[WORK REQUEST] Write out each line of the material exactly as given, and drop the images.

[EXTRACTED RECORDS]
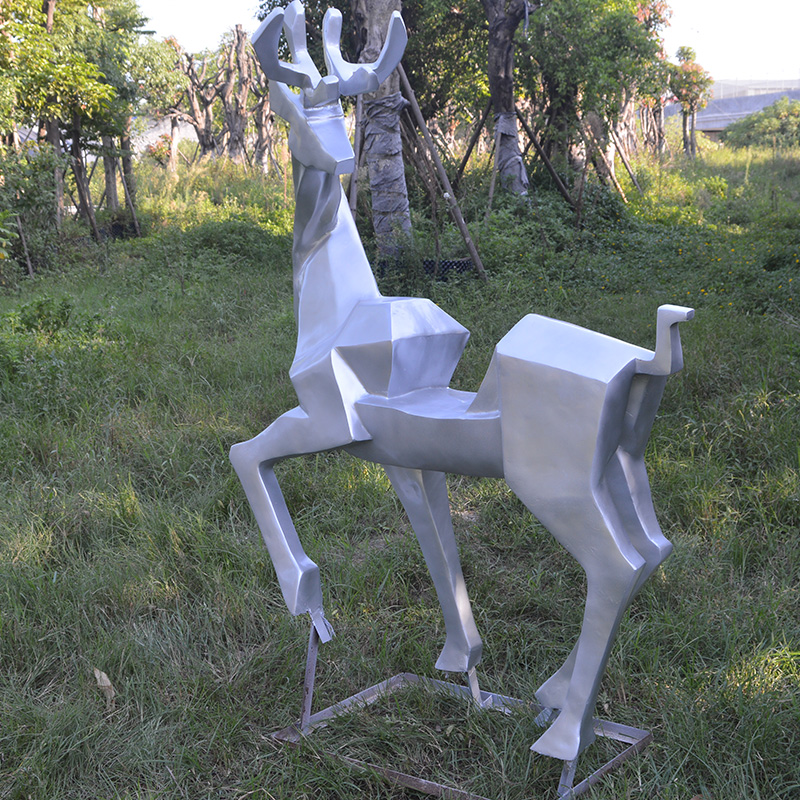 不锈钢几何鹿雕塑，公园动物雕塑 (5)
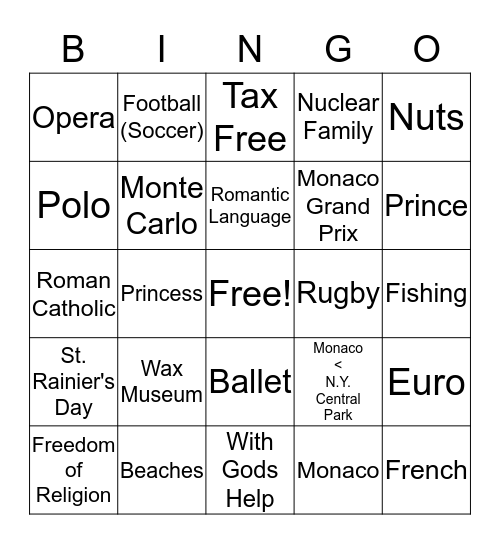 Monaco Bingo Card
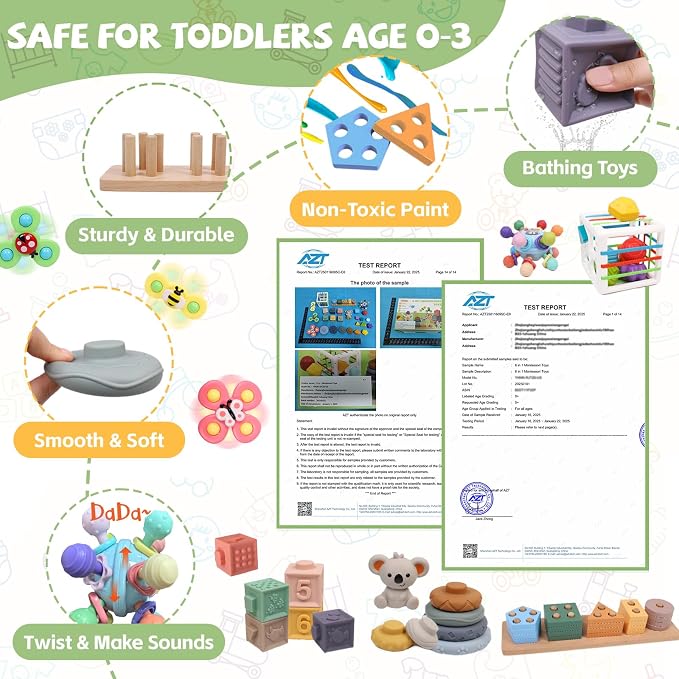 YHHYTOY 6-in-1 Montessori Baby Toys 0-6 6-12 Months, Infant Toys Baby Gifts | 4 5 6 Month Old Baby Toys, Soft Stacking Blocks Rings Shape Sorter Sensory Baby Suction Spinners, Baby Gifts for Girls Boys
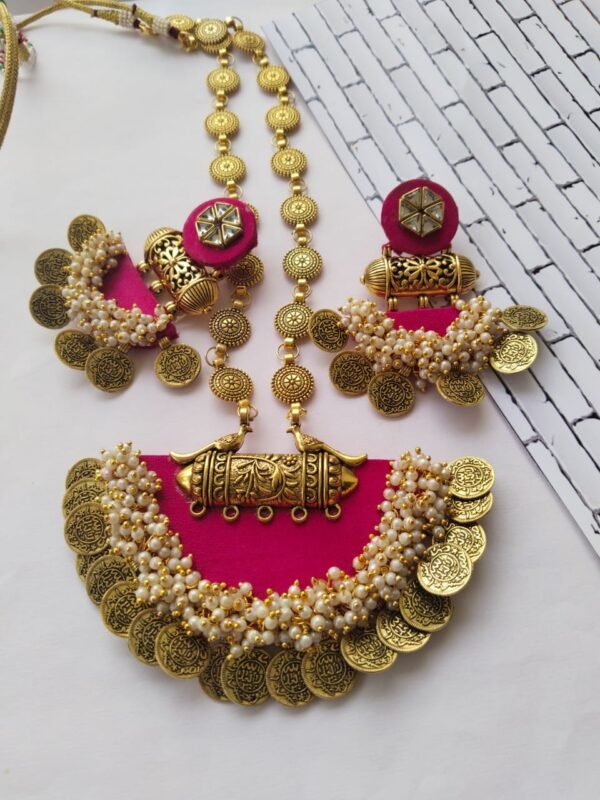 Zupppy Jewellery Rainvas Pink and golden coin traditional necklace earrings set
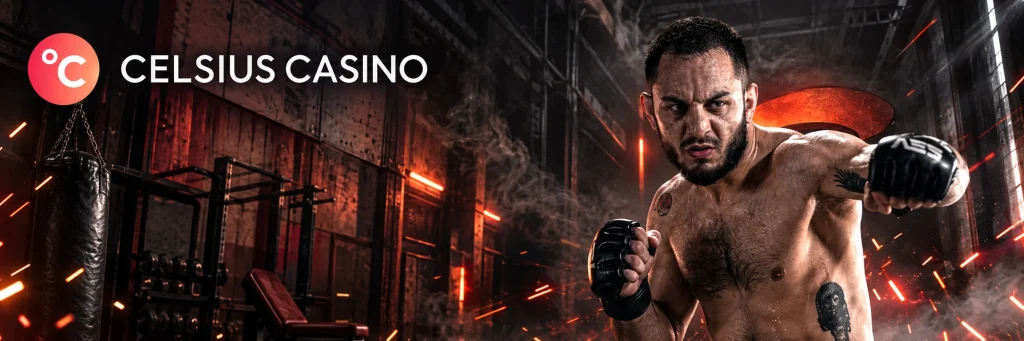 Visuel Celsius Casino avec un sportif, adapté du matériel de la marque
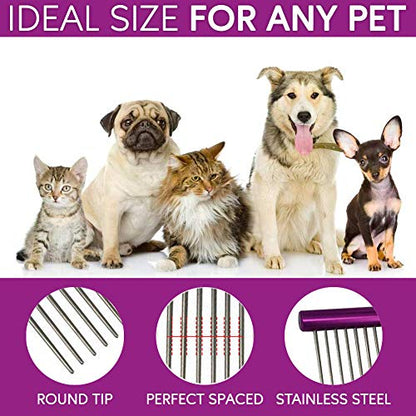 Dog Combs for Grooming Matting, 10-Inch Metal Comb for Dogs and Cats, Greyhound Grooming Comb with Fine and Wide Rounded Stainless Steel Teeth for Detangling Medium to Coarse Fur - size: 10"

[SOLUTION TO THIS PROBLEM]
 不锈钢几何鹿雕塑，公园动物雕塑 (5)
 Monaco Bingo Card
 YHHYTOY 6-in-1 Montessori Baby Toys 0-6 6-12 Months, Infant Toys Baby Gifts | 4 5 6 Month Old Baby Toys, Soft Stacking Blocks Rings Shape Sorter Sensory Baby Suction Spinners, Baby Gifts for Girls Boys
 Zupppy Jewellery Rainvas Pink and golden coin traditional necklace earrings set
 Visuel Celsius Casino avec un sportif, adapté du matériel de la marque
 Dog Combs for Grooming Matting, 10-Inch Metal Comb for Dogs and Cats, Greyhound Grooming Comb with Fine and Wide Rounded Stainless Steel Teeth for Detangling Medium to Coarse Fur - size: 10"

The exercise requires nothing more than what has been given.